How severe does this issue affect your experience of using Ray?
- High: It blocks me to complete my task.
Description
Hello,
I am facing an issue when using a Ray Strategy (from Ray Lightning), on my Pytorch Lightning Trainer. When I train my model on a sample of my dataset, it works perfectly, but when I use the full dataset, I reach a Socket Timeout.
Here is a full stacktrace:
Traceback (most recent call last):
File “C:\Users\Leonard.Caquot\PycharmProjects\ai-developments\train_model_topology.py”, line 86, in
train_model(config)
File “C:\Users\Leonard.Caquot\PycharmProjects\ai-developments\train_model_topology.py”, line 73, in train_model
trainer.fit(model, train_data_loader, valid_data_loader)

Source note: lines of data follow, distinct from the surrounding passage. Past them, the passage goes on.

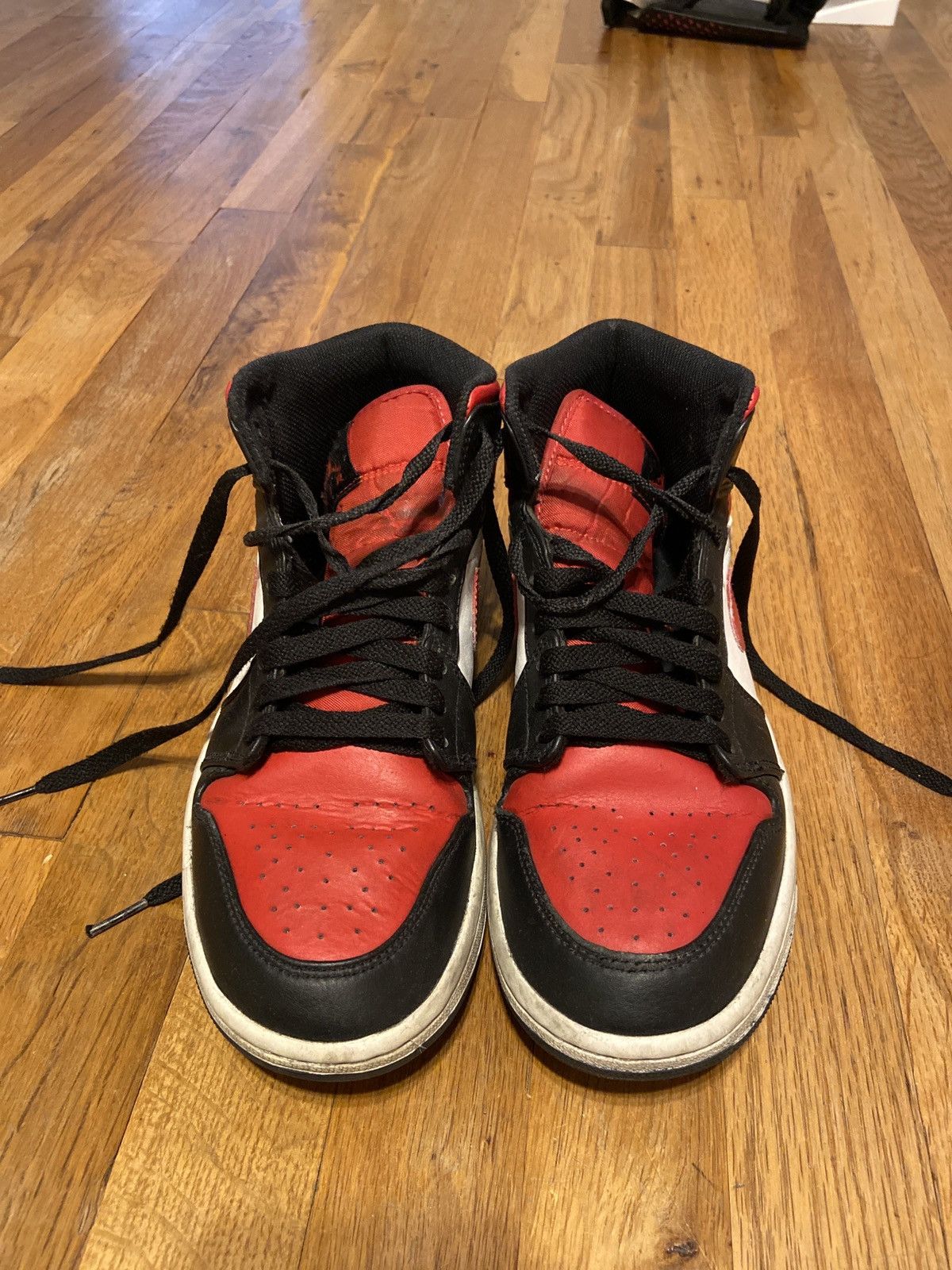 Jordan Brand Jordan 1 mid Size US 7.5 / EU 40-41 - 3 Thumbnail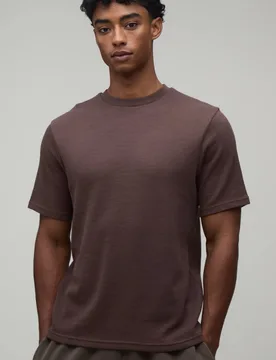 Herren Essentielles Normal Geschnittenes Waffel-Oberteil Chocolate Größe 2XL - boohooMAN - FashionsVida
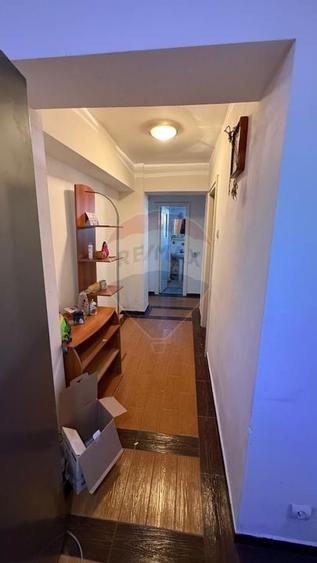 Apartament cu 4 camere de vanzare si boxa 12 mp zona Ultracentrala - 2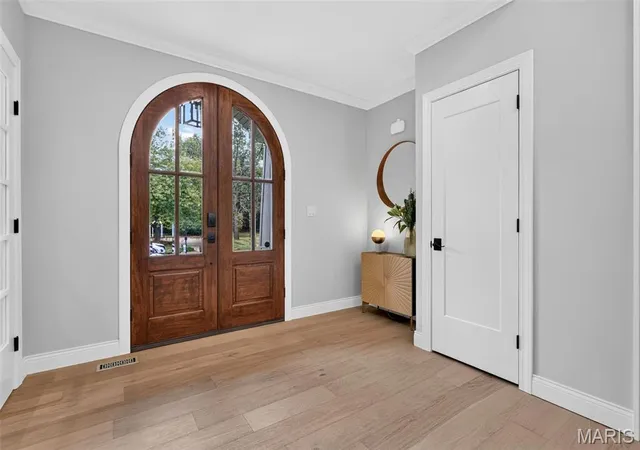 Photo 2 of Single family home for sale at 9 Bon Price Ln, Saint Louis, MO 63132 | MLS# MIS26044270 | Listing updated on 2026-10-18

File “C:\Users\Leonard.Caquot\PycharmProjects\ai-developments\trainers\base_trainer.py”, line 63, in fit
super().fit(*args, **kwargs)
File “C:\Users\Leonard.Caquot\PycharmProjects\ai-developments\venv\lib\site-packages\pytorch_lightning\trainer\trainer.py”, line 771, in fit
self._call_and_handle_interrupt(
File “C:\Users\Leonard.Caquot\PycharmProjects\ai-developments\venv\lib\site-packages\pytorch_lightning\trainer\trainer.py”, line 722, in _call_and_handle_interrupt
return self.strategy.launcher.launch(trainer_fn, *args, trainer=self, **kwargs)
File “C:\Users\Leonard.Caquot\PycharmProjects\ai-developments\venv\lib\site-packages\ray_lightning\launchers\ray_launcher.py”, line 58, in launch
ray_output = self.run_function_on_workers(
File “C:\Users\Leonard.Caquot\PycharmProjects\ai-developments\venv\lib\site-packages\ray_lightning\launchers\ray_launcher.py”, line 249, in run_function_on_workers
results = process_results(self._futures, self.tune_queue)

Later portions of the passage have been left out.